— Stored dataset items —
==================================================
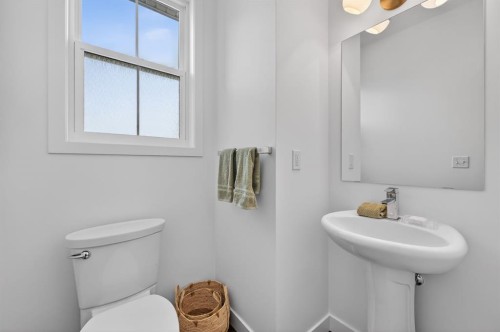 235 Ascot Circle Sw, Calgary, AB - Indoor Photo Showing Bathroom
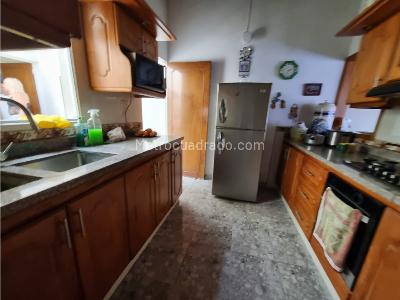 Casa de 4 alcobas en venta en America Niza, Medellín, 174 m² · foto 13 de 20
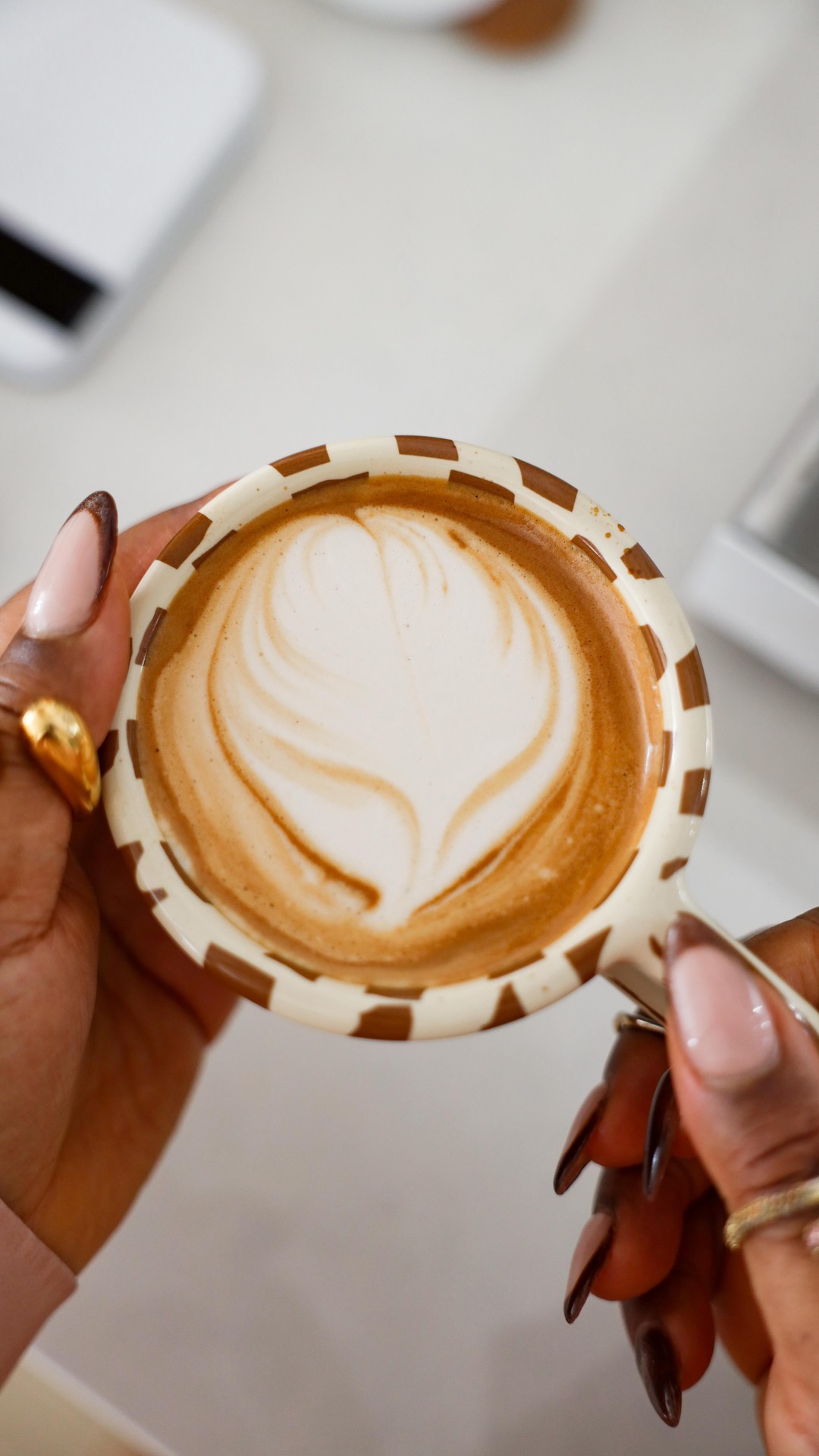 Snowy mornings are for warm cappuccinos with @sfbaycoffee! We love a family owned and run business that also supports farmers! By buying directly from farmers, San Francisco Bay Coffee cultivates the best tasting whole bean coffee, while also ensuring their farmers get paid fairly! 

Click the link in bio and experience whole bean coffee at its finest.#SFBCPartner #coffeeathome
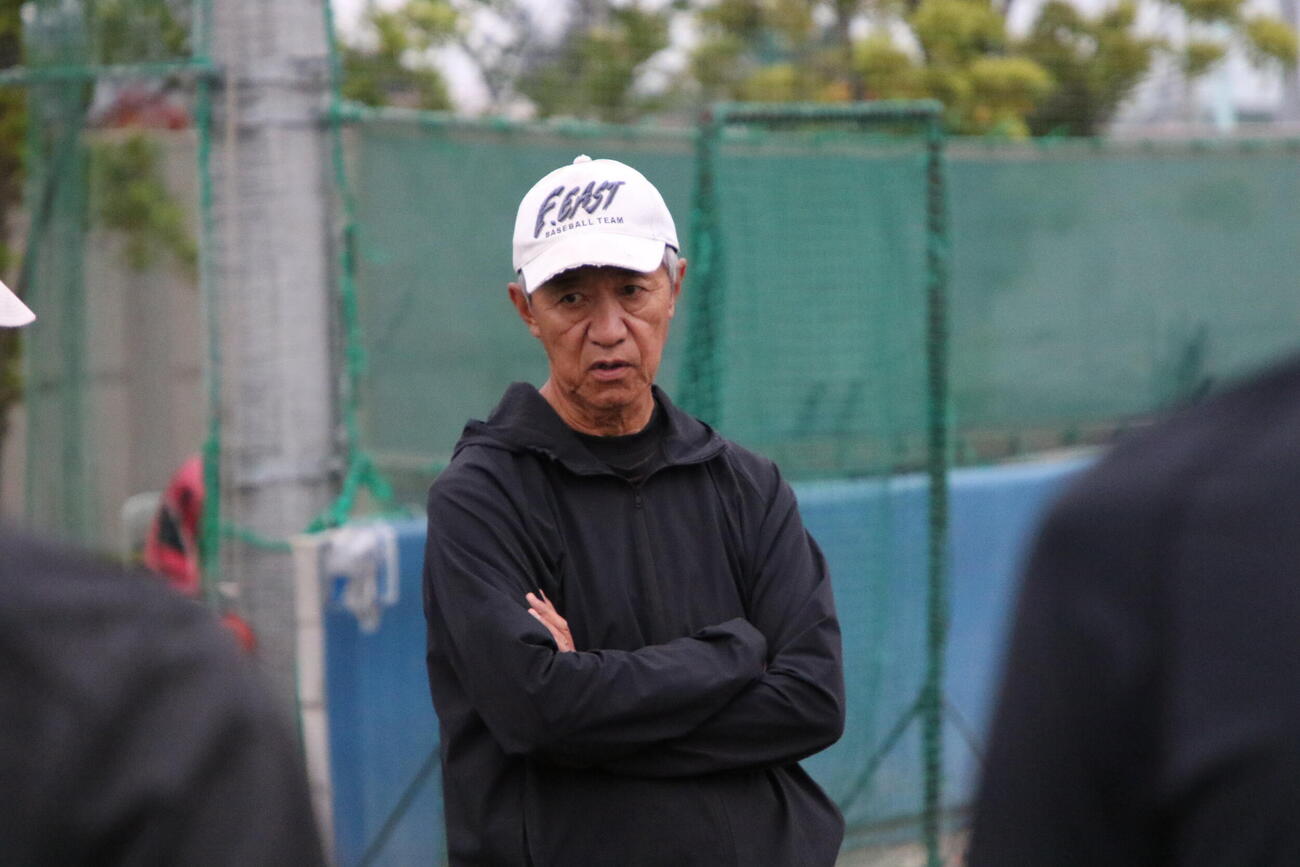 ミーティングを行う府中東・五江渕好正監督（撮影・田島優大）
==================================================
Every line above is to be returned exactly, with its pictures removed.

— SOLUTION TO THE PROBLEM —
 235 Ascot Circle Sw, Calgary, AB - Indoor Photo Showing Bathroom
 Casa de 4 alcobas en venta en America Niza, Medellín, 174 m² · foto 13 de 20
 Snowy mornings are for warm cappuccinos with @sfbaycoffee! We love a family owned and run business that also supports farmers! By buying directly from farmers, San Francisco Bay Coffee cultivates the best tasting whole bean coffee, while also ensuring their farmers get paid fairly! 

Click the link in bio and experience whole bean coffee at its finest.#SFBCPartner #coffeeathome
 ミーティングを行う府中東・五江渕好正監督（撮影・田島優大）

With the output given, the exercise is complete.